Se anunció ya la aplicación de la pena de muerte a los rebeldes. La crueldad en la represión se produce en la conmemoración de los 10 años del aplastamiento, también brutal, de la explosión estudiantil. En ambos casos el apagón informativo y la ausencia de trasparencia ha sido algo que ha caracterizado, como siempre, al régimen comunista.

Sin embargo, en este caso, ninguna voz de dirigentes políticos y organismos internacionales se ha oído. El silencio ante los graves acontecimientos ha sido ensordecedor. Ni en América, ni en Europa ni menos en España, nadie ha alzado la voz. Ya en otros momentos se ha manifestado la misma actitud. La concesión de unos Juegos Olímpicos a un país con un sistema dictatorial ya generó alguna polémica agitada por la conciencia crítica de organizaciones internacionales no gubernamentales comprometidas con los derechos humanos.

Ahora, todos han actuado de la misma manera. La consideración de China como gran potencia, especialmente en el ámbito económico y la posibilidad de abrir relaciones comerciales en un enorme mercado, es algo que condiciona de un modo absoluto las reacciones de unos dirigentes internacionales en exceso prudentes.

Recuerda, también, la misma actitud que la mantenida por los dirigentes europeos ante las regresiones de las libertades y el control total de todas las instancias de poder en la Rusia de Vladimir Putin.
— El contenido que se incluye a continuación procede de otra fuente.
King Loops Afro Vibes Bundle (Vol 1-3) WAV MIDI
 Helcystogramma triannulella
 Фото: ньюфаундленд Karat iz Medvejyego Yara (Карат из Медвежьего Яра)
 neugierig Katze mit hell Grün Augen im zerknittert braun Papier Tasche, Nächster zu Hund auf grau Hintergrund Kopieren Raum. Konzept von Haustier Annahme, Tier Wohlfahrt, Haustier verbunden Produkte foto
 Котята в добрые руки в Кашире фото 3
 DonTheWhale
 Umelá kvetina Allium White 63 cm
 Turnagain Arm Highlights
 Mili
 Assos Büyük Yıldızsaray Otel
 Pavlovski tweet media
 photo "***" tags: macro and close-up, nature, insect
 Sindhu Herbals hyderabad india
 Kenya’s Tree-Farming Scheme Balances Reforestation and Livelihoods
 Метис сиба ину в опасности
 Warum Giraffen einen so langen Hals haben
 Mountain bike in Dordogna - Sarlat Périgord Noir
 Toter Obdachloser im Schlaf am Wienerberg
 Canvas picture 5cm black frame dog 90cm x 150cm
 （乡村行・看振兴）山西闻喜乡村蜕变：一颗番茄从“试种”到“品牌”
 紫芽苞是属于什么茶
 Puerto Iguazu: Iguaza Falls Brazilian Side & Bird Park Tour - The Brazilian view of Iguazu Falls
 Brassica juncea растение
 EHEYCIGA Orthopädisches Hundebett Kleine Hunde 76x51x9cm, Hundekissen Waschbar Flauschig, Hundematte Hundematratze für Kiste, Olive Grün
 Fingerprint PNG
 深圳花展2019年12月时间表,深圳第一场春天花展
Mientras que allí, entre otras cosas, se asesinaba impunemente a periodistas y se ahogaba cualquier voz independiente; en otro país exsoviético como Uzbekistán (con ciudades bellas y míticas como Samarcanda) se asesinaba en Andiyan a casi 1.000 personas. En el caso de Rusia, pocos dirigentes (en España ninguno de los actuales o pasados gobernantes) protestaron, dada, entre otras razones, la dependencia energética, mientras que en el segundo fueron rotundas las condenas del régimen dictatorial uzbeco.

En los hechos más recientes de Honduras y China, la actitud de los dirigentes de los países más relevantes ha sido la misma. Fuerte denuncia respecto del país débil, el centroamericano, del cual, de su pobreza, nada pueden sacar. Enorme silencio en cuanto al país fuerte, el asiático, de cuyo potente mercado emergente pueden surgir interesantes perspectivas de futuro cuando se vayan abriendo.
La coherencia en los postulados en lo que se refiere a derechos humanos no es algo que, dejando a un lado oenegés, caracterice la actuación de los actores internacionales. Además del sesgo político que hace que se sea más contundente o más silencioso en la reacción, esta generalmente viene condicionada por los intereses. Y estos no tienen color. Salvo el color del dinero.

Jesús López-Medel, abogado del Estado.